Begging on Easy Street

There’s this guy in a ragged wheelchair who sits on a street corner about a block away, shaking a Starbucks cup full of coins. His left leg and right arm are missing, which makes him a curious sight indeed. I’ve know many double amputees, but they’ve always been more symmetrical.

He’s out there every day rain or shine, in the brutal heat and blustery wind. Whenever I see him, it hardens my determination to find a way to liberate him and all the other crippled beggars from the indignity of begging on the harsh city streets. This is the 21st Century, for God’s sake. There are much more sophisticated, efficient, high-tech ways for cripples to beg. Cripples should be begging on the internet, from the comfort and safety of their own homes.

Internet begging is pretty much what we do here at Smart Ass Cripple. We sit here on our virtual street corner, telling jokes to passersby. Sometimes they toss coins into that virtual Starbucks cup known as PayPal.

But I want to set up a website, an online community, a one-stop shop for people to give to crippled beggars. It’ll work sort of like a dating site. Crippled beggars in search of benefactors will post a picture and profile: “Hello. My name is Marvin. I’m a Sagittarius and I have leprosy.” (Disclaimer: Benefactor beware. Crippling conditions have not been authenticated.)

Benefactors can choose a beggar from this dazzling gallery. Or they can search for their ideal beggar by entering the essential characteristics of the type of beggar with whom they would be most compatible: age range, crippling condition, religion, level of education, acceptable number of missing teeth. And the computer will pick the perfect match. There can also be a NAME YOUR PRICE feature where the benefactor offers up a bid, say like 50 cents, and it goes to whichever crippled beggar snatches it first. Or they can adopt-a-beggar, where they set up an automatic transfer of funds to go to the Starbucks cup of same beggar every month.

One hundred per cent of all funds donated go directly to the crippled beggars, minus my modest processing fee.

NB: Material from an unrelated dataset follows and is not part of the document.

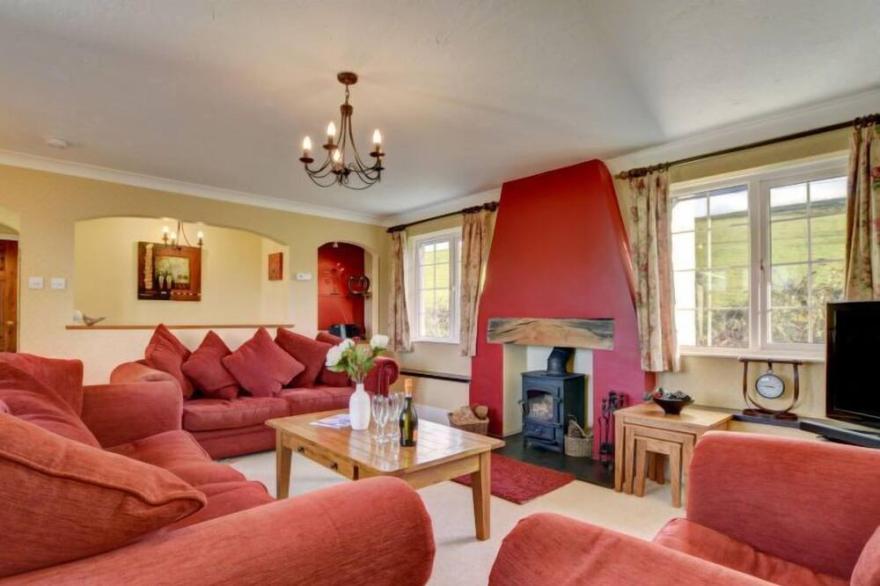 Vacation home Ash Barn in Barnstaple and Braunton - 6 persons, 3 bedrooms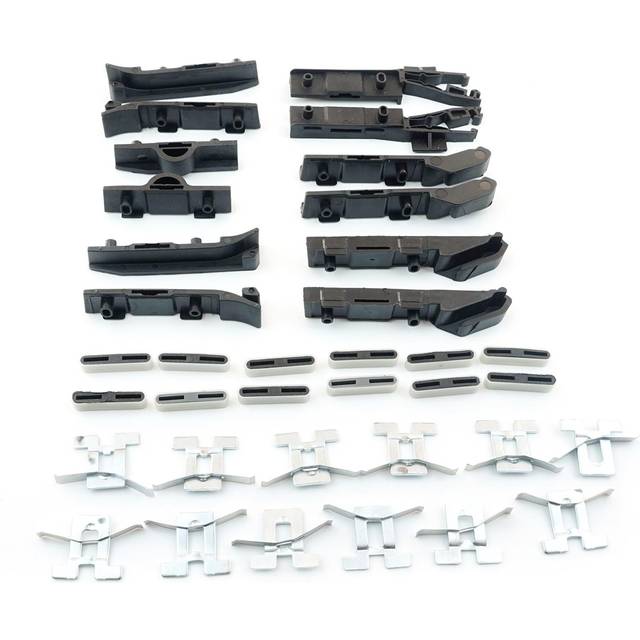 ESR601 Panoramic Sunroof Moonroof Roof Blind Curtain Runner Slider 9000004218 Repair 36 Pieces Set For Nissan Qashqai MK2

Internet begging will dramatically improve the quality of life for crippled beggars. They’ll just roll out of bed and check their PayPal. They won’t have to deal with the dangers of street begging, like extreme weather and mafia shakedowns. And best of all, the police won’t chase them off the street when the Olympics come to town.

I’ll call it crippledbeggars.com. I could make it crippledbeggars.org but screw that. I think I can make a lot of money off of this thing.

3 comments:

  1. "One hundred per cent of all funds donated go directly to the crippled beggars, minus my modest processing fee." ~SAC

    Are you sure about this?? Sounds like you could be a Capitalist and I don't think they are allowed to be crippled. Yes they can create huge money making scams and become multi-zillionaries, but actually be crippled. No way!!

    My comment is done. My thoughts have fled the planet Earth....Yep, I'm not a cripple. Good luck on your new bussiness and don't forget to pay the taxes.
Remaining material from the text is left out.